Le refus de poursuivre les démarches pour s’engager dans la conclusion d’un bail professionnel signifié le 27 décembre 2017, alors que l’offre faite par Madame [R] de louer le bien, pour le compte de la SCM, ne datait que du 04 décembre 2017 et qu’il apparaissait que les relations entre les parties s’engageaient de façon fort délicate n’est pas fautif.

De façon surabondante, aurait-il été fautif (ce qui n’est pas le cas), la SCI PIERRE ALBERT ne pourrait solliciter la perte des avantages attendus du contrat non conclu, ni la perte de chance d’obtenir ces avantages.

Dès lors, la SCI PIERRE ALBERT sera déboutée de sa demande d’indemnisation et le jugement sera confirmé sur ce point.

Sur la restitution à Madame [R] de la somme de 500 euros

Ainsi qu’il l’a été indiqué, Madame [R], représentant la SCM en cours de formation, n’était tenue par aucune promesse unilatérale ou synallagmatique de contrat. Aucun contrat n’a été établi entre elle-même et la SCI PIERRE ALBERT qui devra lui restituer la somme de 500 euros versée dans l’optique de la signature du bail qui n’a jamais eu lieu. Le jugement déféré sera confirmé

en ce qu’il a condamné la SCI PIERRE ALBERT à lui restituer la somme de 500 euros avec intérêts au taux légal à compter de la décision.

Sur la demande de dommages et intérêts formée par Madame [R]

Madame [R] ne justifie pas avoir subi un préjudice financier ou moral lié au comportement de la gérante de la SCI PIERRE ALBERT. Elle sera déboutée de cette demande. Le jugement déféré sera confirmé sur ce point.

Sur les dépens et sur l’article 700 du code de procédure civile

La SCI PIERRE ALBERT est essentiellement succombante. Elle sera condamnée aux dépens de première instance et d’appel. Elle sera déboutée de ses demandes au titre des frais irrépétibles qu’elle a engagés en première instance et en appel.

Il n’est pas équitable de laisser à la charge de Madame [R] les frais irrépétibles qu’elle a exposés en première instance et en appel.

Le jugement déféré qui a mis les dépens à la charge de la SCI PIERRE ALBERT et qui l’a condamnée à verser à Madame [R] la somme de 1000 euros sur le fondement de l’article 700 du code de procédure civile sera confirmé.

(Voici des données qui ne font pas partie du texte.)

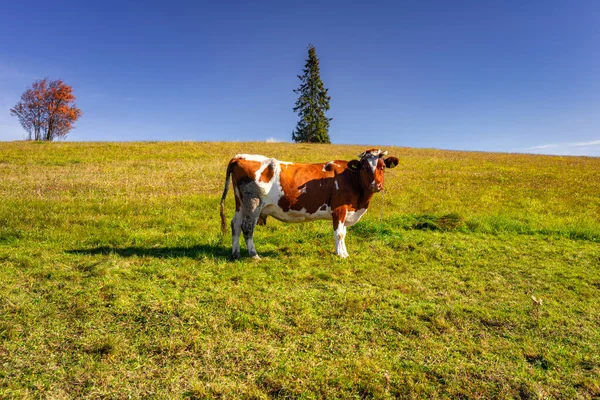 Корова Осеннем Лугу Объединяет Татры Польше — стоковое фото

La SCI PIERRE ALBERT sera en outre condamnée à verser à Madame [R] la somme de 1500 euros au titre des frais irrépétibles exposés par cette dernière en appel.

PAR CES MOTIFS,

La cour, statuant publiquement, par arrêt contradictoire, par mise à disposition au greffe

CONFIRME le jugement déféré en toutes ses dispositions,

Y AJOUTANT,

CONDAMNE la SCI PIERRE ALBERT à verser à Madame [N] [R] la somme de 1500 euros sur le fondement de l’article 700 du code de procédure civile, au titre des frais irrépétibles qu’elle a exposés en appel,

CONDAMNE la SCI PIERRE ALBERT aux dépens de la présente procédure.